Border Crossings
by Lisa Kraus
Generally I’d be content to never again see a male/female duet that tracks one couple’s attraction, repulsion, power plays, boredom, confusion, and all the rest. It’s a too-familiar trope that artists keep mining. But who could blame them? What could be more fundamentally human than the dynamics of two people in a relationship?The Border transcends most of the hackneyed ploys of the duet genre. While parts hearken back to ‘80s Euro thrash, its intelligent mix of the literal (with spoken word narrative plus traceable story line and naturalistic set) and the abstract (with expressive movement and languages that seem to slide from gibberish to more distinct Norwegian and Russian) sets it apart.
Jo Strømgren Kompani is a true FringeArts favorite, with three productions in this year’s Festival. The Border’s hybrid nature, paralleling developments in Philadelphia's performance scene, may well explain why. The featured players, Ida Holten Worsoe and Ivar Sverrisson, are equally adept at facial and vocal expression and full body movement.
The story here concerns two officemates, each with particular quirks.
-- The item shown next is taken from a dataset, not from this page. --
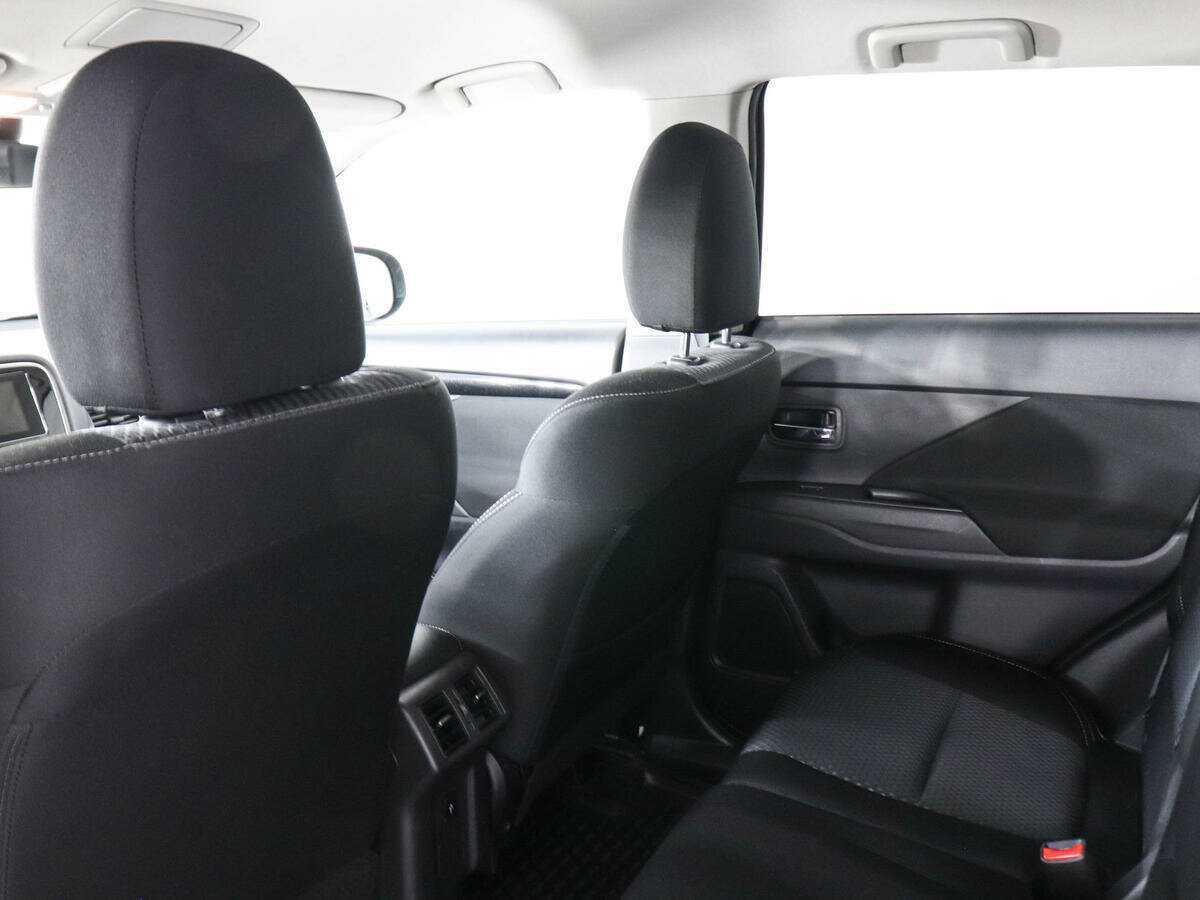 Mitsubishi Outlander, 2019 Фото №12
She has porno on her cubicle wall and, we’re told in the English language voice-over, had an overly short childhood. He had a long childhood, we’re told, and an unquenchable thirst which we see him satisfy with multiple bottles of water. They find their way across whatever borders separate them in fits and starts, ending up a team.
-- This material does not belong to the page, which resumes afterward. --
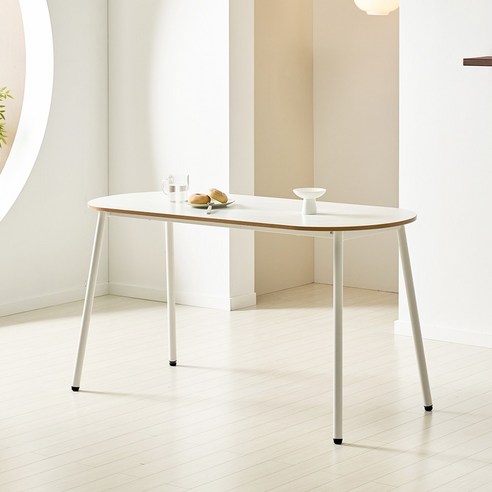 모던한 감각을 더하는 타원형식탁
An old-fashioned map with Scandinavian-type place names occupies the back wall. At one point she drapes it around her shoulders, swaying the whole image side to side. Similar big visual gestures refresh the scene. They slide his desk center stage, flanking it for a face off. They scrunch up inside a wooden box to portray their cramped train journey.
Strømgren does a lot with slow motion. An affecting mimed moment comes when the man exits the shared office into a blaring gale. His hunched, effortful crossing of the stage recalls every struggle any human ever had, and by itself is worth seeing the show for. Likewise the torso-thrashing and looping legs of a sex scene are drawn in long slow-mo arcs, hair flying.
Every physical action—folding a piece of paper, opening a letter, is etched with awareness and clarity. The two, having lost their jobs and deciding to journey far away by train, evoke cramped long-distance travel with little bumpy shakes set to train sound. It works perfectly.
Strømgren’s characters are goofy and relatable. Like Chaplin’s Little Man, they’ve been buffeted about, and, making it through intact, we root for them. Or even cheer.